Um blog de Rui Baptista

domingo, abril 25, 2004

Uma ilha partida ao meio


Nicósia é, como Berlim foi outrora, uma cidade dividida. Mas a capital de Chipre não tem um muro tão demarcado como a capital alemã tinha. O aspecto das ruas de Nicósia (Lefkosa, em turco) não deixa adivinhar imediatamente que esta cidade está partida a meio. Uma parte é controlada pela comunidade cipriota grega — República do Chipre (RC), cujo Governo é reconhecido pela comunidade internacional como o único de toda a ilha; a outra é controlada pela comunidade cipriota turca — República Turca do Norte do Chipre (RTNC), que não é reconhecida por ninguém excepto pela Turquia.
Mas há zonas de Nicósia em que a separação entre cipriotas turcos e gregos é óbvia. Pelo meio da cidade (que serve de capital tanto à República do Chipre como à RTNC) passa uma “linha verde” de 180 quilómetros quadrados, que atravessa a ilha a meio e é patrulhada por 1200 soldados da ONU.
O quartel-general da força das Nações Unidas é um hotel abandonado no meio da “terra de ninguém” em Nicósia. Antes da divisão da ilha, em 1974, este era o hotel mais luxuoso de Chipre; hoje, está em ruínas. Nas varandas dos seus quartos estão pendurados estendais com a roupa lavada dos capacetes azuis.
Este é o “monumento” mais marcante da “linha verde”; no resto de Nicósia, ela está mais disfarçada. Aparece de repente quando ao virar uma esquina se dá com um beco sem saída bloqueado por um “checkpoint” militar, um muro de tijolos, uma cerca de arame farpado ou pura e simplesmente um monte de escombros. É permitido aos turistas atravessar do lado cipriota grego para o lado cipriota turco, com um passe especial que só dura até ao pôr do sol. Atravessar no sentido contrário é proíbido.
Quem está do lado cipriota turco vê de perto os cipriotas gregos: às vezes, a “linha verde” não tem mais de três ou quatro metros de largura. Os cipriotas gregos gostam de provocar o outro lado do muro: são bem visíveis bandeiras da República de Chipre ou da Grécia, viradas para o lado turco.
Os cipriotas turcos, claro, fazem a mesma coisa. Há por todo o lado bandeiras da RTNC e da Turquia. Aliás, eles gabam-se de ter “a maior bandeira do mundo”, pintada na face de uma montanha, ostensivamente voltada para o lado Sul da ilha.
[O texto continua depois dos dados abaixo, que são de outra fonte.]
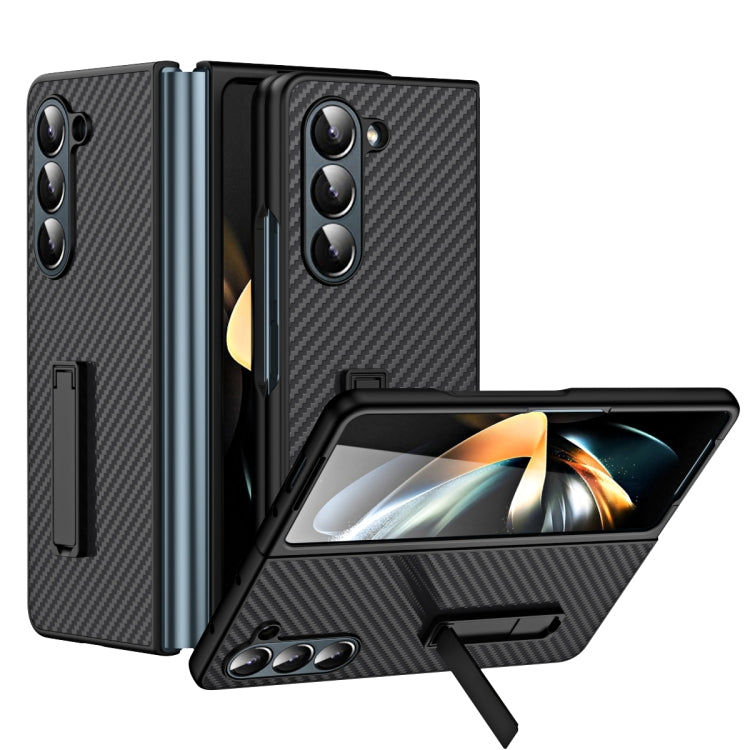 For Samsung Galaxy Z Fold5 Composite Carbon Fiber Pattern Phone Case With Holder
É nessa montanha que fica a “floresta Ataturk”, meia dúzia de árvores com um aspecto desolado.
Há muitas coisas chamadas Ataturk na RTNC. Ataturk é um indivíduo que ficou conhecido nas décadas de 20 e 30 pelos seus fatos elegantes e por ter fundado a Turquia moderna. É também ele que aparece em todas as notas — a RTNC não tem moeda própria, e usa a lira turca. A moeda é a face mais visível da influência da Turquia, mas não a única.